What interests me in this story is the universal quest for immortality that resides in all of us. It is essentially an historical meme that still plays today, god and human hybrids. That’s right, the child, Renessme, or Ness for short, is basically a Nephilim. That is, the story reflects the ancient worlds’ notion of the gods mating with humans and bearing them offspring that are half human half god. Most ancient religions have this meme embedded in their stories. Genesis 6:1-4 talks about it as the divine sons of God in heaven mating with women and bearing them the Nephilim. I write about this storyline in my own Biblical fantasy novel series, Chronicles of the Nephilim. It’s all the rage these days, Nephilim and the end of the world. But it’s more than a fad, it’s a universal drive in human nature. That’s why it keeps coming back in stories and it works so well.

The idea reflects the notion that man seeks to be like gods. The vampires, as immortals represent this “shining glory” as their own skin shines in the daylight, and they live forever. In this mythology, they also have individual powers like the ability to control the elements or read minds or produce shields of protection. Sounds a little like superheros? Yep. Sounds a little like the ancient pantheon of gods? You bet. We recycle these stories because WE ARE ALL GOING TO DIE, AND NONE OF US WANT TO. We long for immortality, the desire to be united with divinity. I think Genesis captures this inherent longing in man best as man refuses to submit to his Creator and instead violates the image of God in man. He does this through murder, as well as the violation of the heavenly earthly divide. He seeks to be like God and so falls from his exalted place over creation, only to hunger because of his fallenness that the Bible calls the sinful nature.

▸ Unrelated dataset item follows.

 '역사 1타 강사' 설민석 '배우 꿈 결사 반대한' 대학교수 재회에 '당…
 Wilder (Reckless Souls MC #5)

Now, this is where Stephanie Meyer’s Mormonism comes in. Mormonism believes that we become gods (the immortal vampires), and for women, the highest pursuit in life is to become a god through this divine marriage. They believe in eternal marriage. That is why the ending of the movie stresses the words “forever” in relation to the happiness and married love between Edward and Bella. They will live forever and be married in love forever. Now, we all use the metaphor of “forever” when we speak of love. I do with my wife. But Mormons believe this literally, in that eternal marriages are the culmination of us becoming gods and marrying and having our own planets to reside over forever. Sooooooo, it’s not quite the same thing to us “normal” people and our emotional exaggerations.

But don’t let that ruin the movie for you. The reason the story resonates with so man is not just because of the female pornography of it, but because it taps into that impulse, that desire that we all have to seek immortality in our fallenness.